## Exercise aim
Exact copies of the lines below, from the one with "香辣牙签肉的做法步骤：3" up to and including the one with "3 habitaciones, tabla", are what this calls for; leave out pictures.

## Exercise material

# # # # # # #

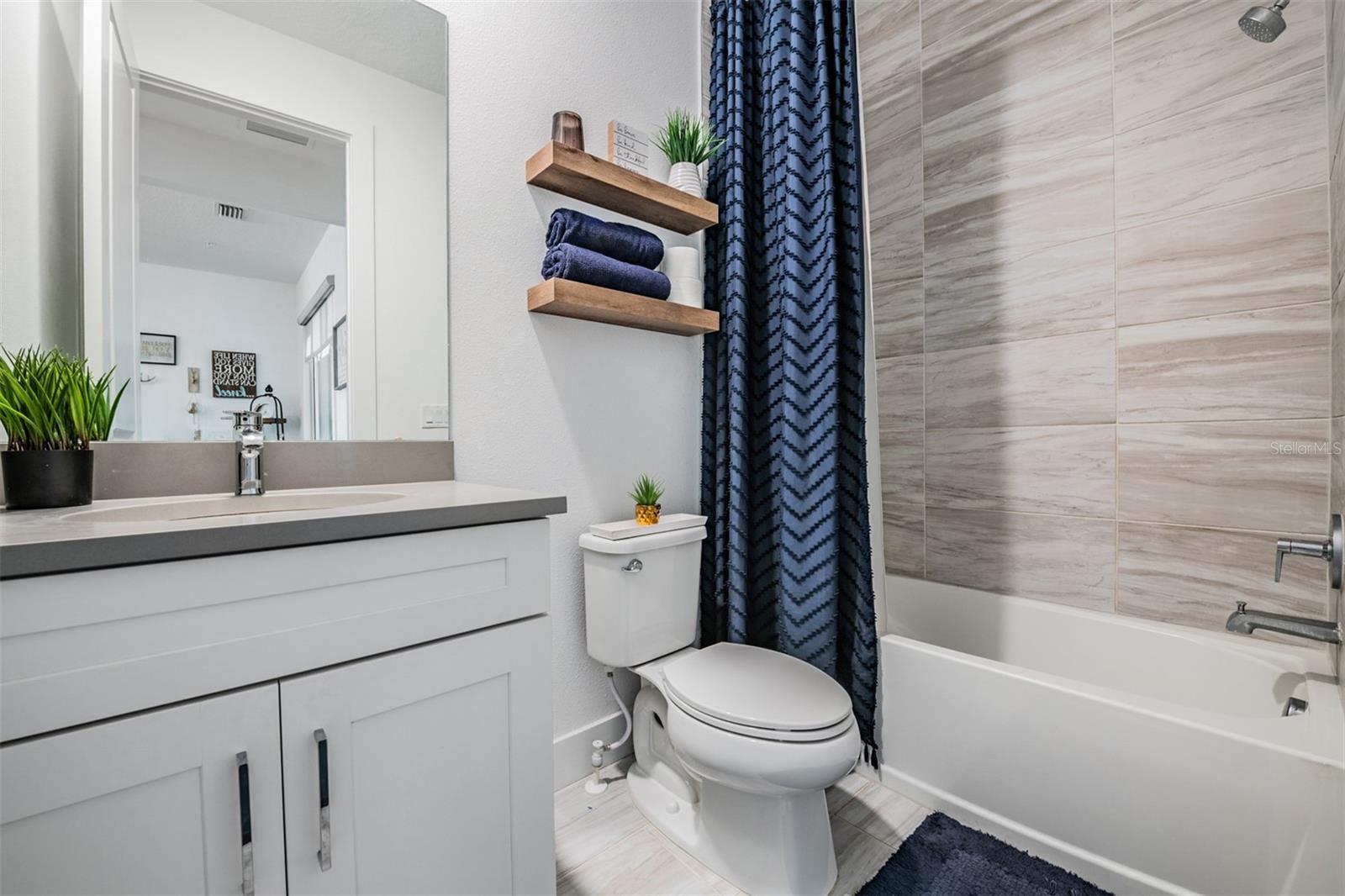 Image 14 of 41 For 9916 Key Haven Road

# # # # # # #

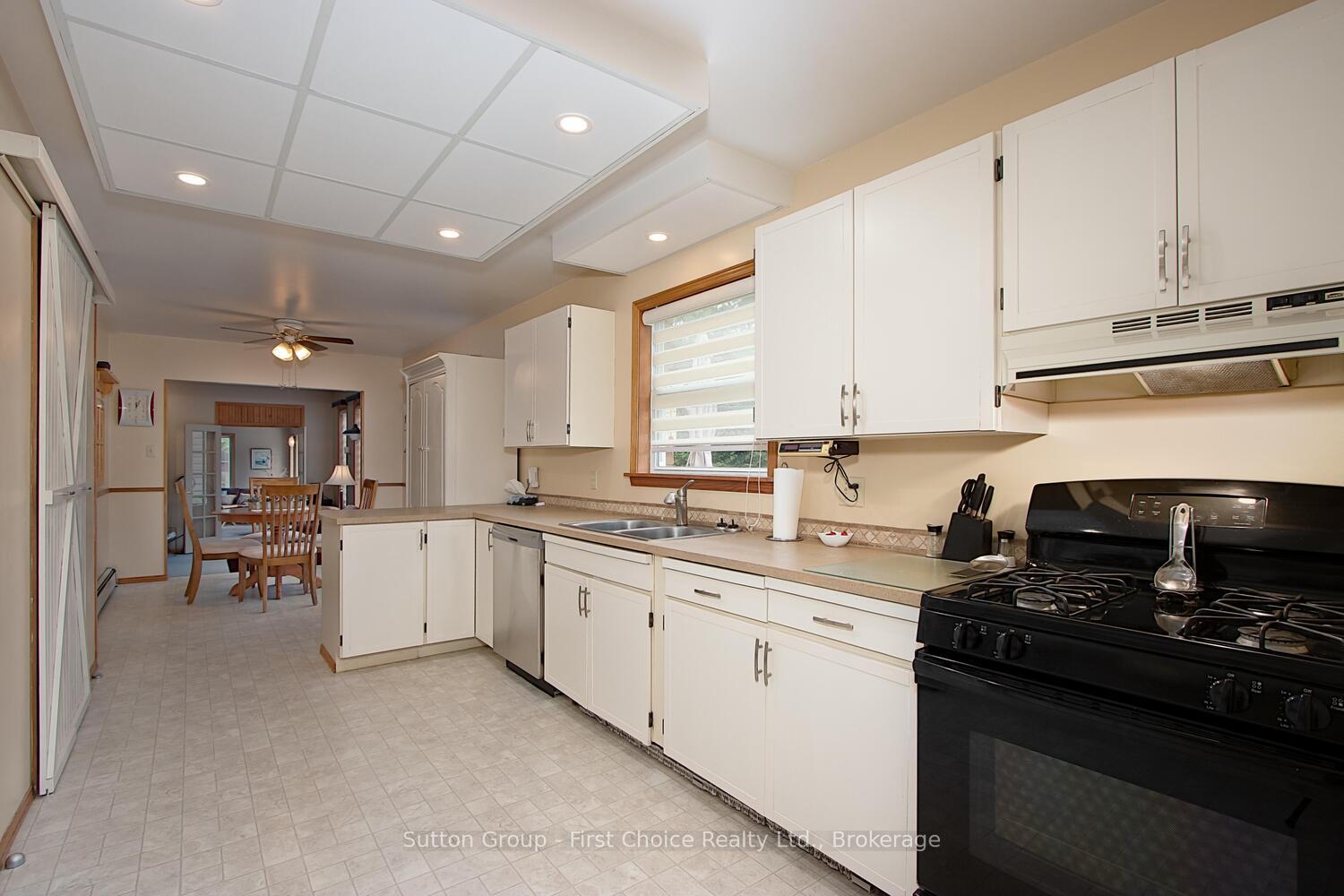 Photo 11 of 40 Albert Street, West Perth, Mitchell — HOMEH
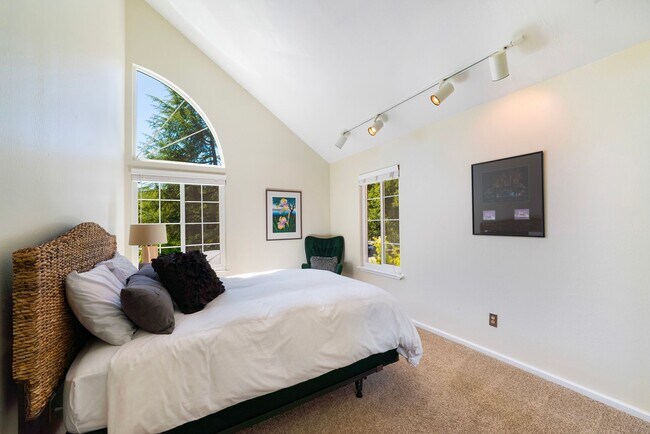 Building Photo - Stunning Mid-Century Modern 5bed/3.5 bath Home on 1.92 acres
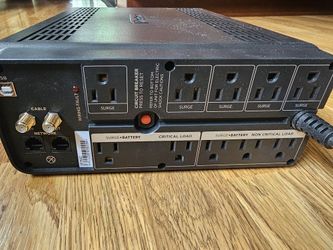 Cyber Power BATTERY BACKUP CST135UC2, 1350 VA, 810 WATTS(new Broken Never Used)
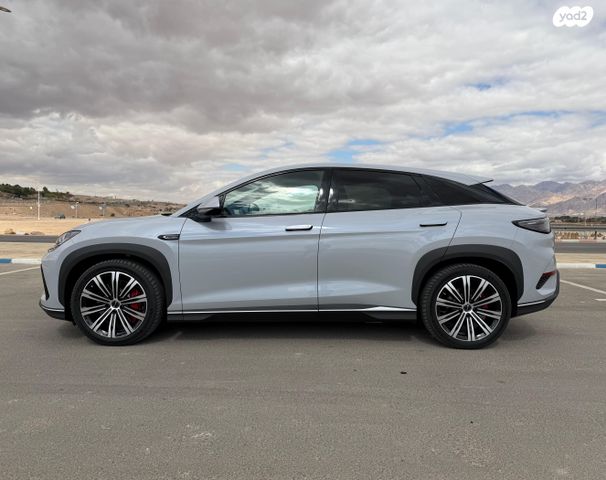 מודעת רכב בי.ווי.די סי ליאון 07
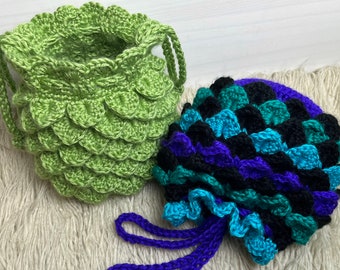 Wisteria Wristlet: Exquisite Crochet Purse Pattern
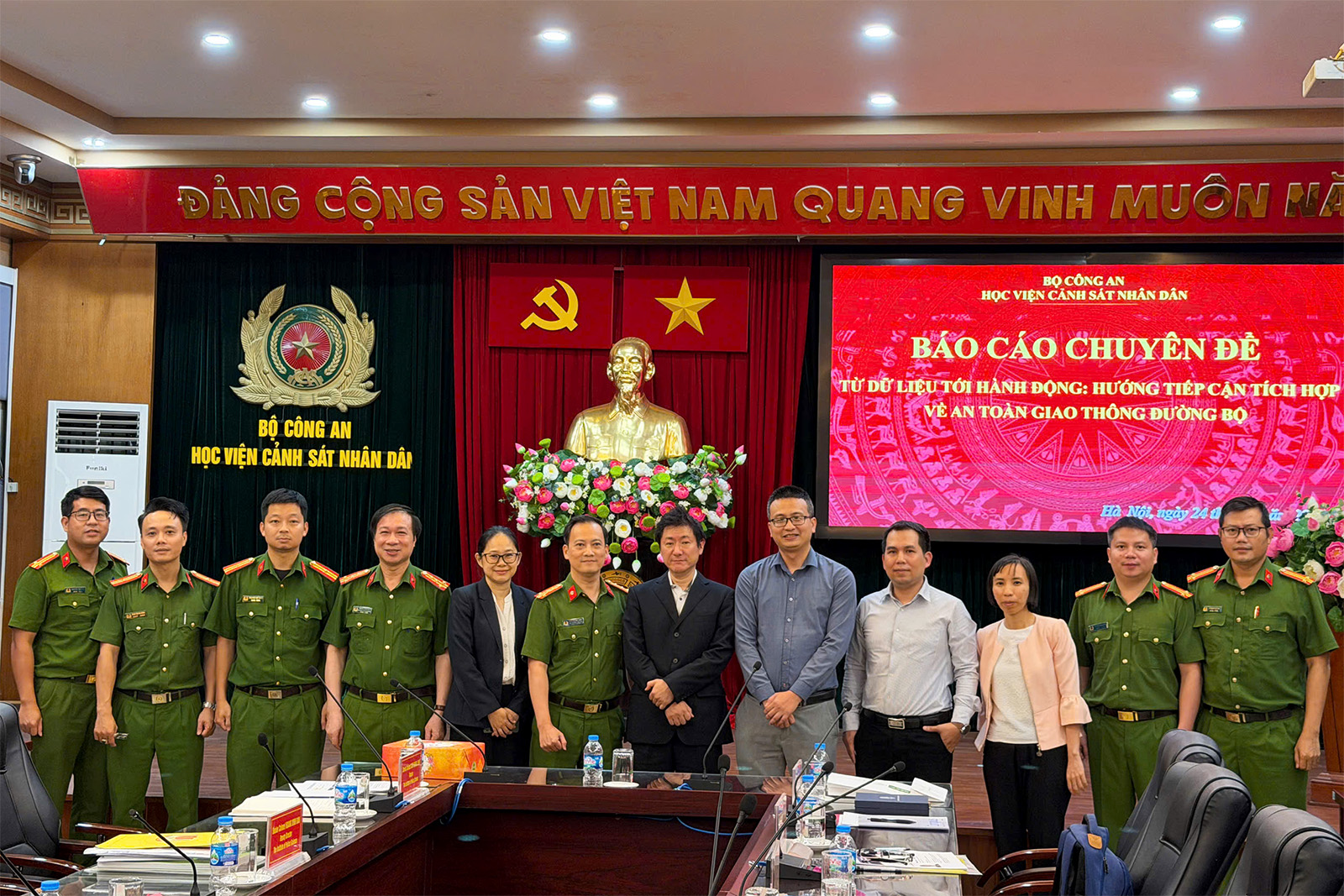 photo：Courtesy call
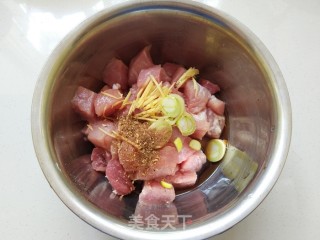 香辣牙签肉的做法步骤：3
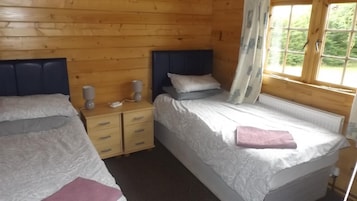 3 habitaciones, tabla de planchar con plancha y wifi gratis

# # # # # # #

## Response
 香辣牙签肉的做法步骤：3
 3 habitaciones, tabla de planchar con plancha y wifi gratis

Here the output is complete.